▸ **SOURCE MATERIAL**:
────
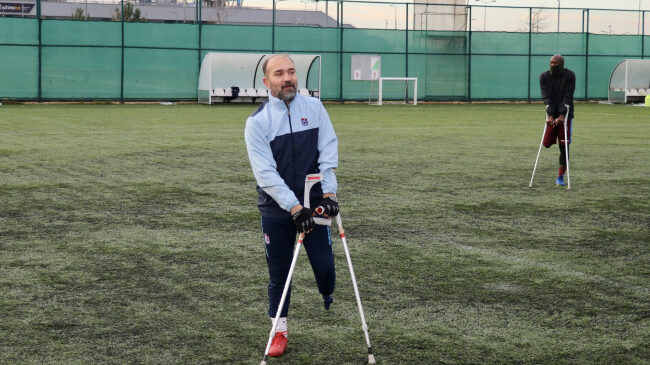 Trafik kazasında bacağını kaybetti, çocukluk tutkusu futbolun peşinden koşarak hayata bağlandı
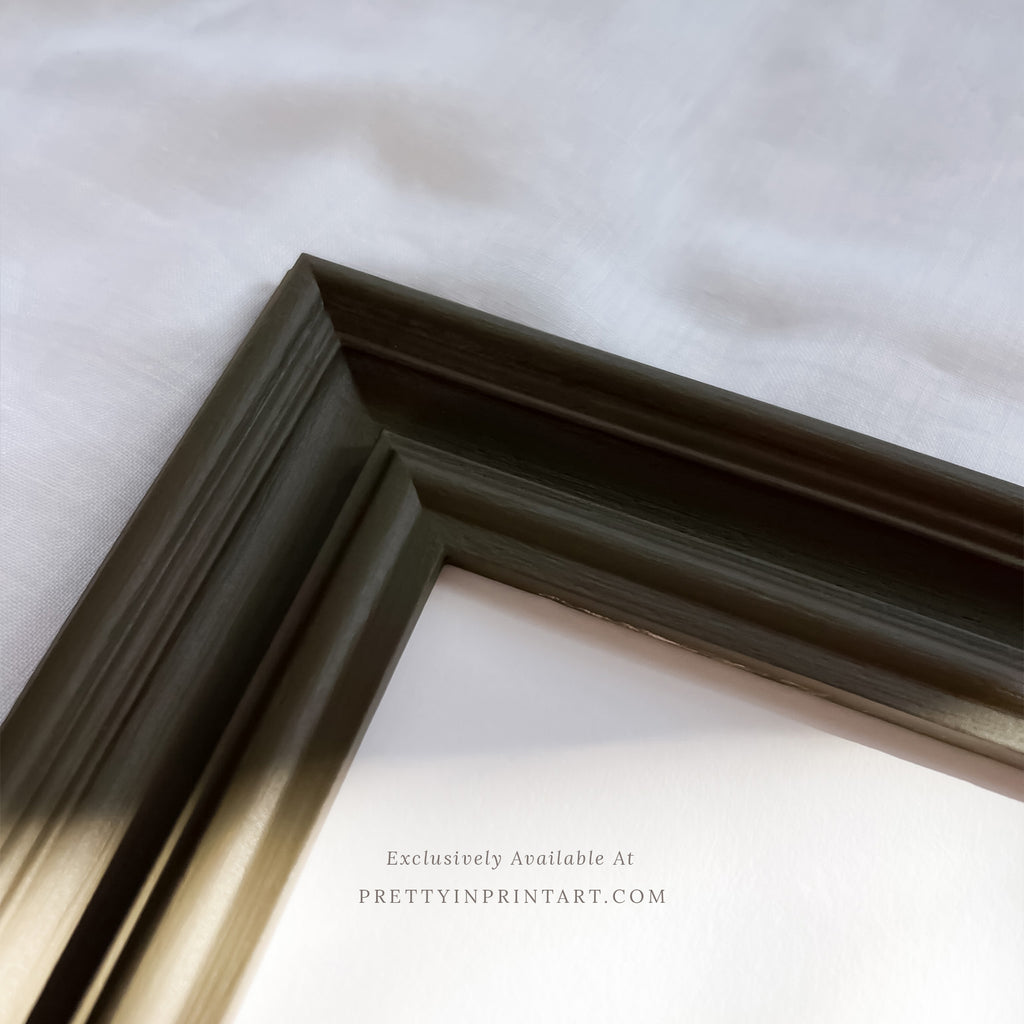 Hand Painted Frame | PT-10933 (UK ONLY)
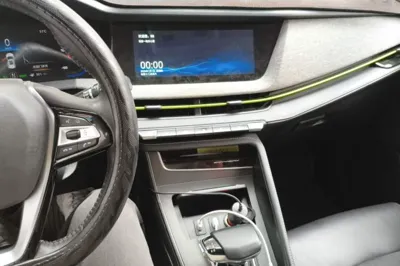 Changan CS15EV 2019, 79200 км, за 48474.09 CNY - фото 10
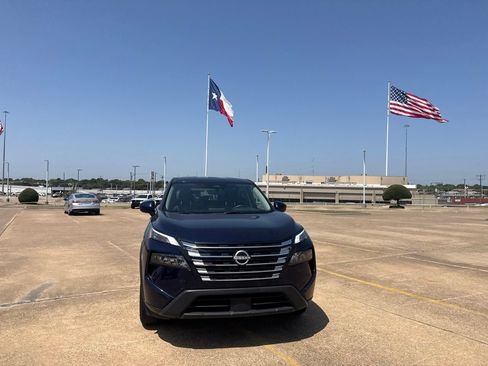 Certified 2025 Nissan Rogue SV FWD image 4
────
▸ **TASK OBJECTIVE**: Give again exactly the lines from the one that contains "Changan CS15EV 2019, 79200" through the end of the material, both ends included, omitting the pictures.

▸ **OUTPUT OF THE TASK**:
 Changan CS15EV 2019, 79200 км, за 48474.09 CNY - фото 10
 Certified 2025 Nissan Rogue SV FWD image 4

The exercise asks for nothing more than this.